▶ **Problem to work on**: Pictures must not appear in the copy. Reproduce exactly, and only, the lines from the one with "Le Petit Luxembourg" through the end of the data below.

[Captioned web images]
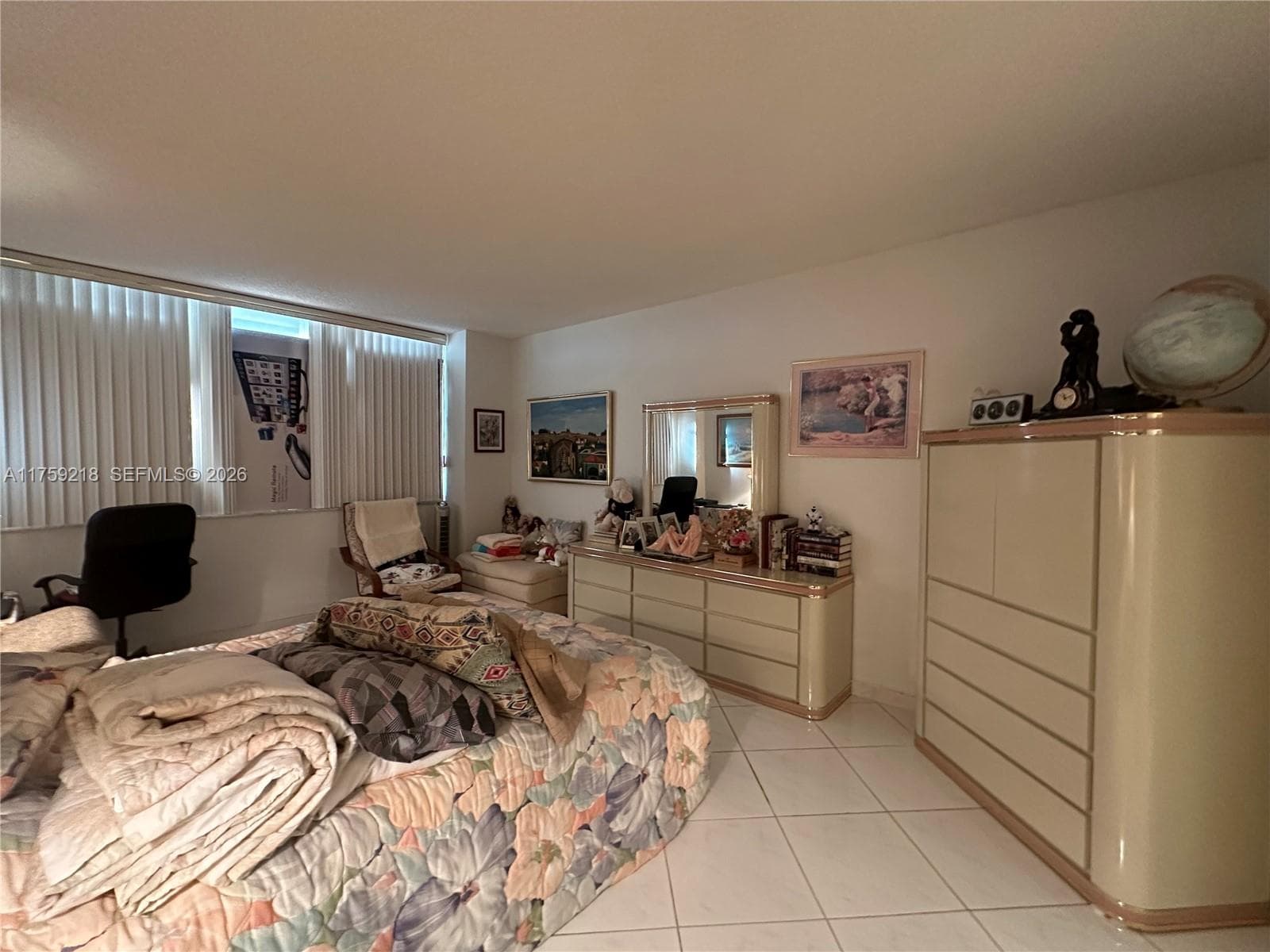 3180 S Ocean Dr 522 photo 8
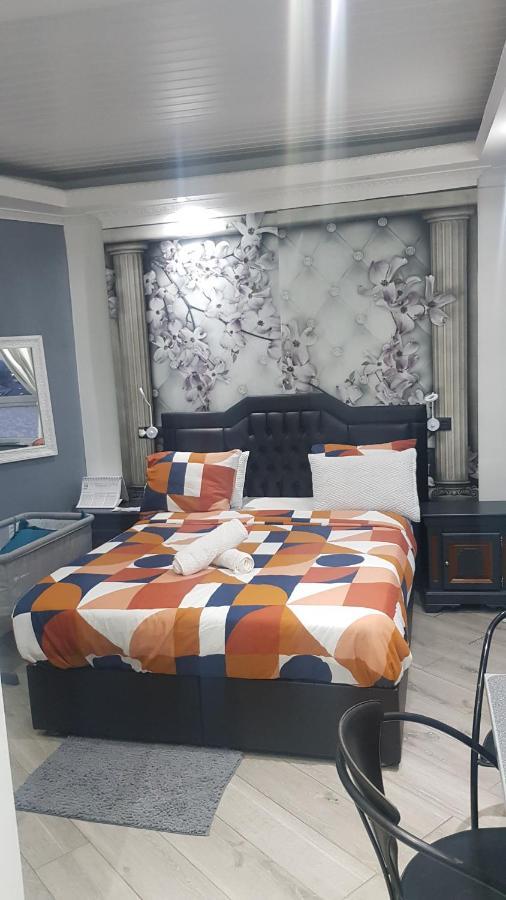 Le Petit Luxembourg Appartement Montignies-sur-Sambre Buitenkant foto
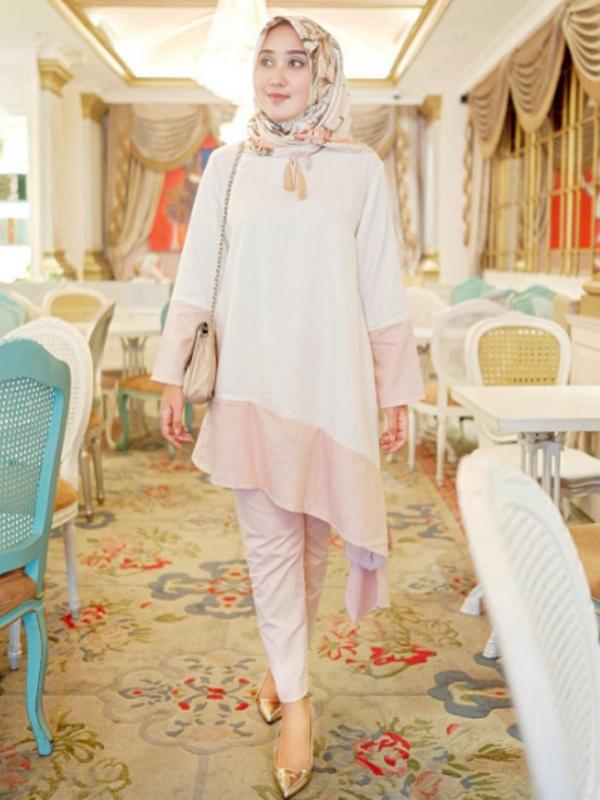 Di sini, kamu bisa tahu  nih outfit yang sering dipakai hijabers masakini. (via: Instagram/@dianpelangi)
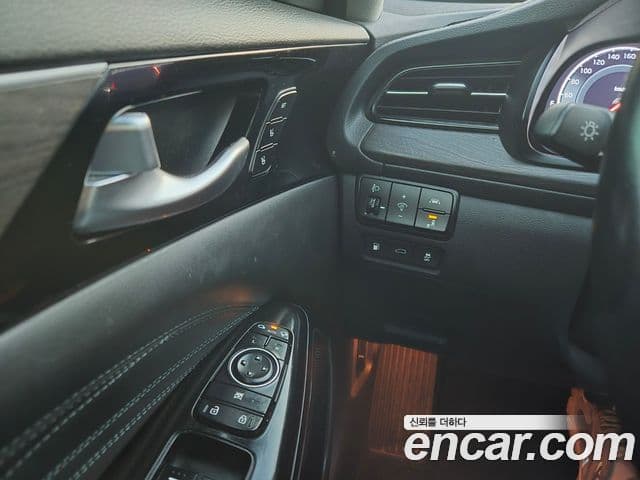 Kia K7 Premier 2.5 GDI X Edition, 2020 15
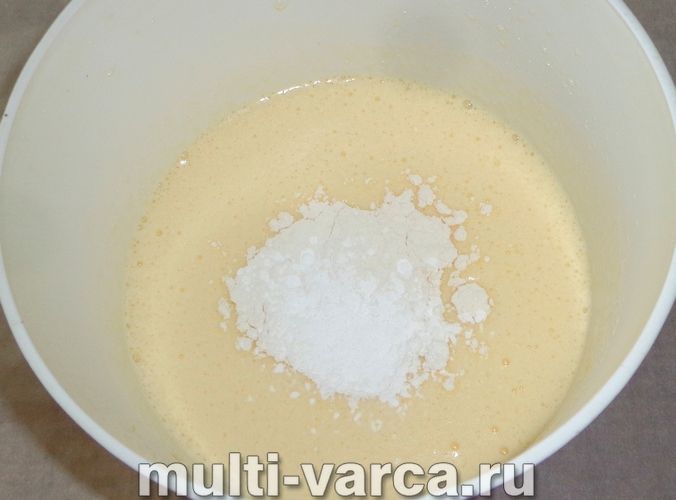 Шарлотка з сиром у мультиварці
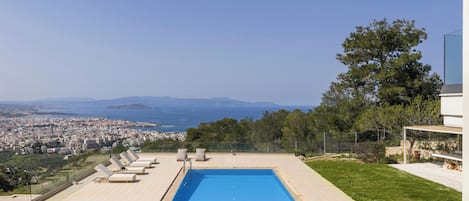 Superior Villa, Sea View | Pool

▶ **Answer box**:
 Le Petit Luxembourg Appartement Montignies-sur-Sambre Buitenkant foto
 Di sini, kamu bisa tahu  nih outfit yang sering dipakai hijabers masakini. (via: Instagram/@dianpelangi)
 Kia K7 Premier 2.5 GDI X Edition, 2020 15
 Шарлотка з сиром у мультиварці
 Superior Villa, Sea View | Pool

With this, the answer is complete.